PROBLEM STATEMENT: All the entries need to be duplicated exactly, with the pictures omitted.

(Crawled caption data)
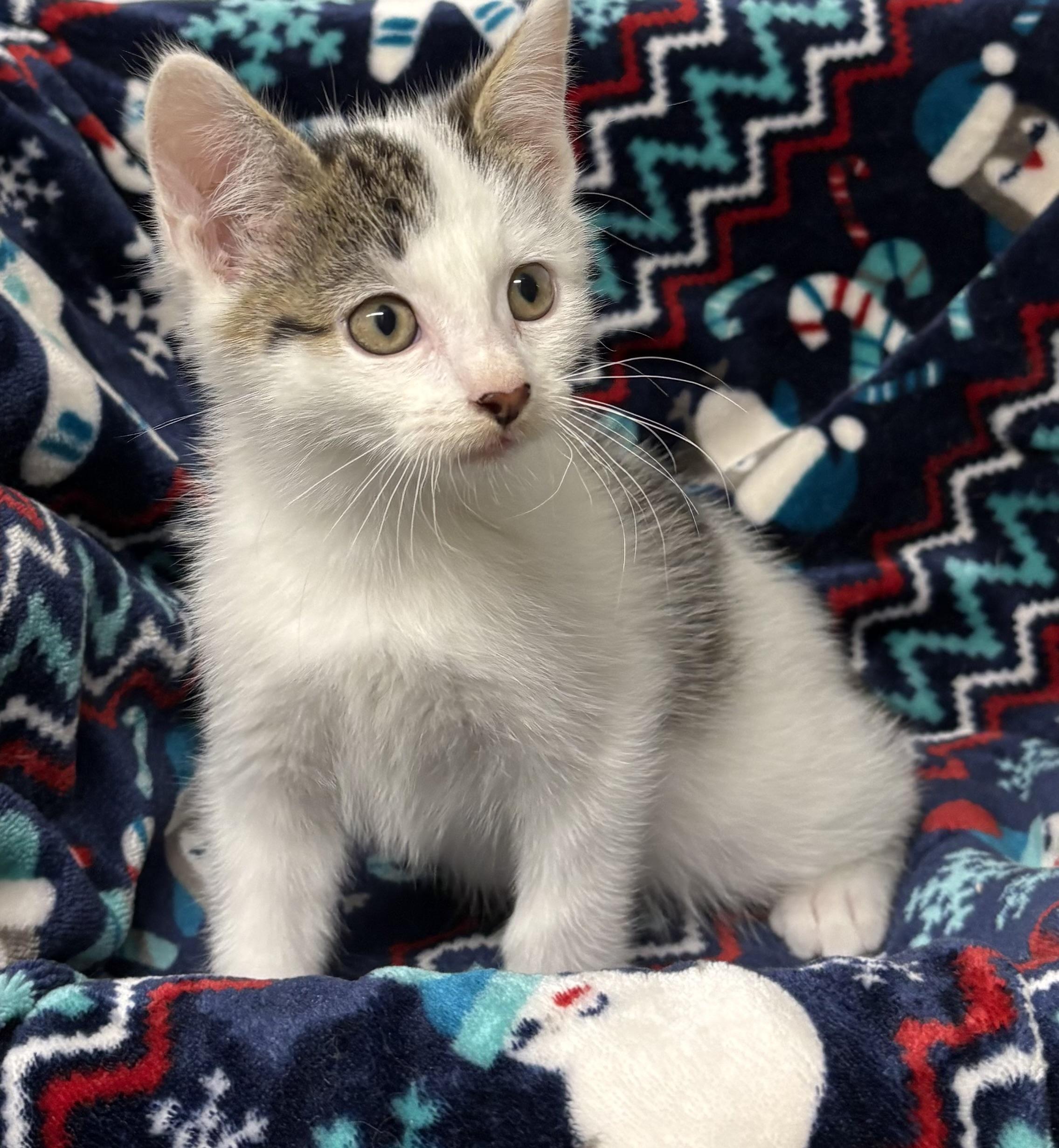 Kitten, Adoptable, Kitten Male Domestic Short Hair.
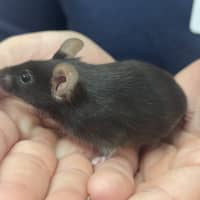 Photo of Miss Mousie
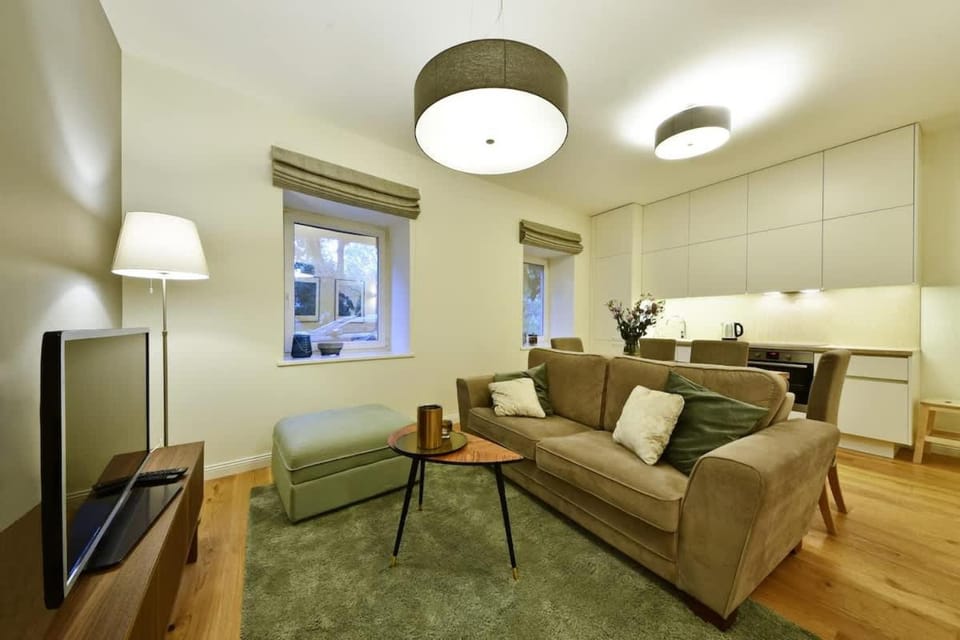 Domillion old town duplex 14ppl free parking L4D House in Vilnius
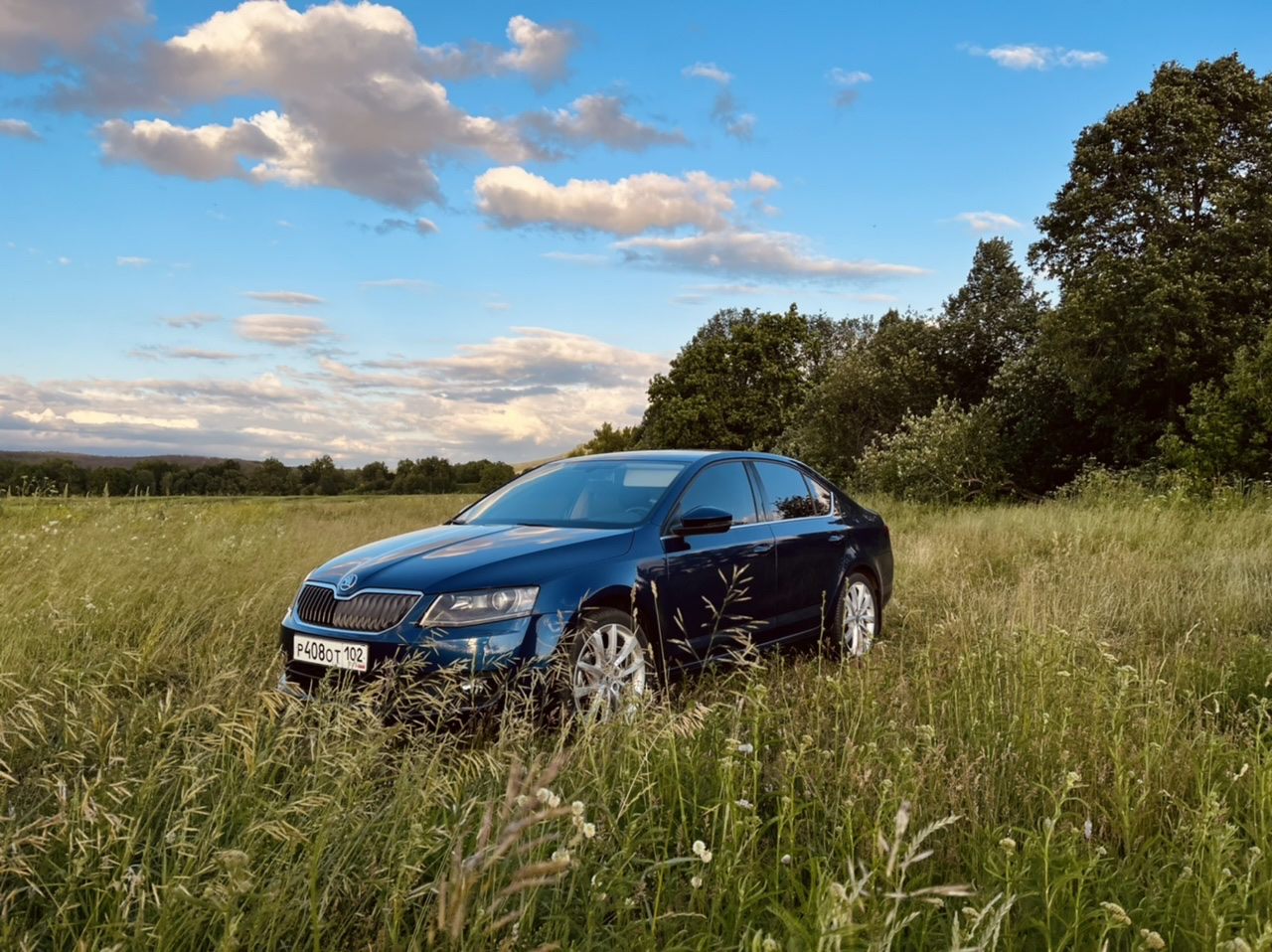 Skoda Octavia mk3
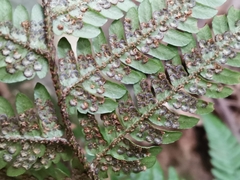 Dryopteris bissetiana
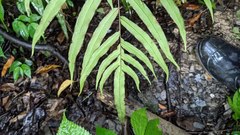 Pteris formosana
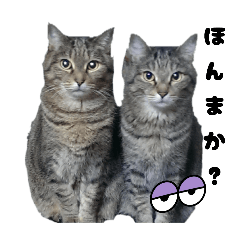 natsu_20251005021232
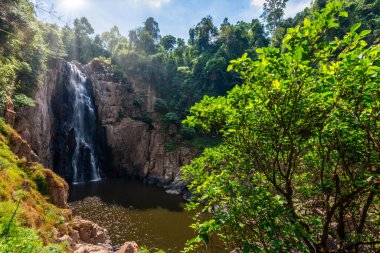 Orman ve doğa koruma kavramları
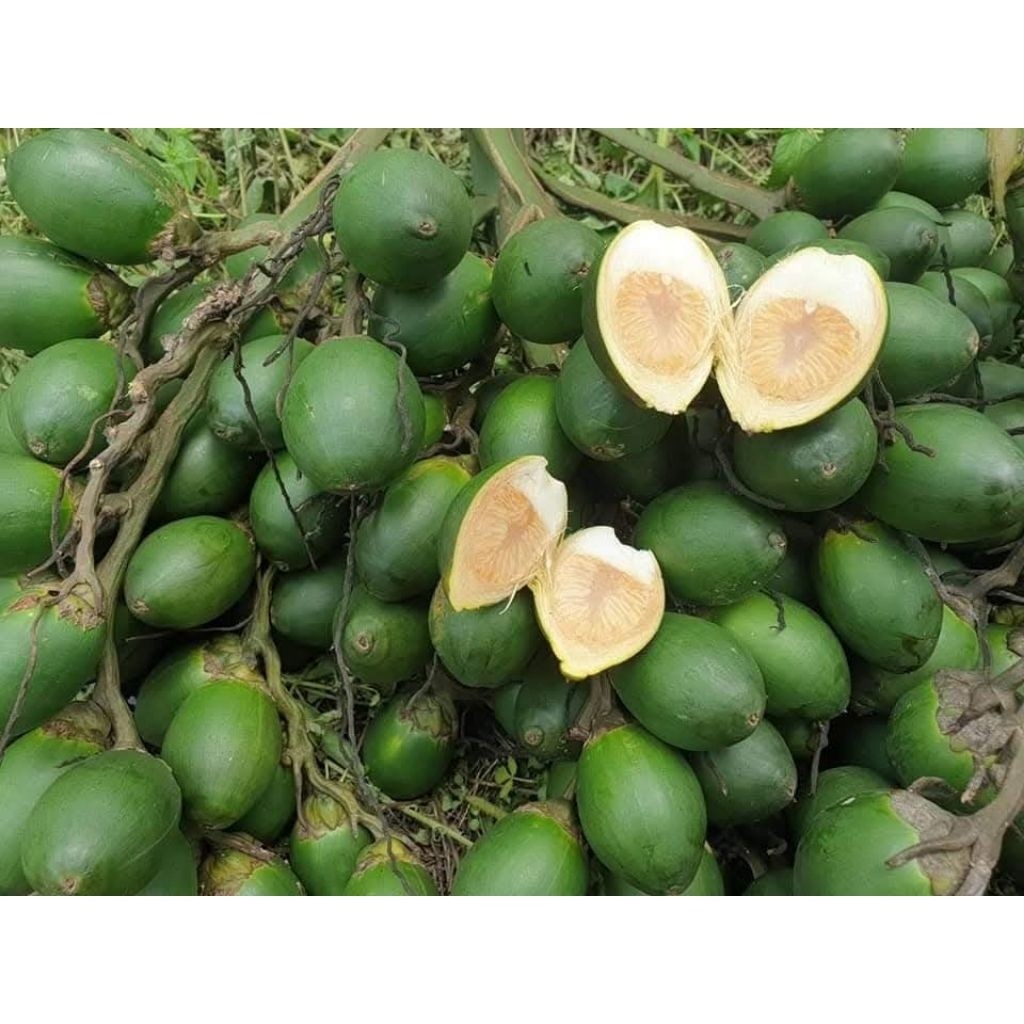 

buah jambe buah pinang muda segar 1kg herbal stamina pria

ANSWER TO THIS EXERCISE:
 Kitten, Adoptable, Kitten Male Domestic Short Hair.
 Photo of Miss Mousie
 Domillion old town duplex 14ppl free parking L4D House in Vilnius
 Skoda Octavia mk3
 Dryopteris bissetiana
 Pteris formosana
 natsu_20251005021232
 Orman ve doğa koruma kavramları

buah jambe buah pinang muda segar 1kg herbal stamina pria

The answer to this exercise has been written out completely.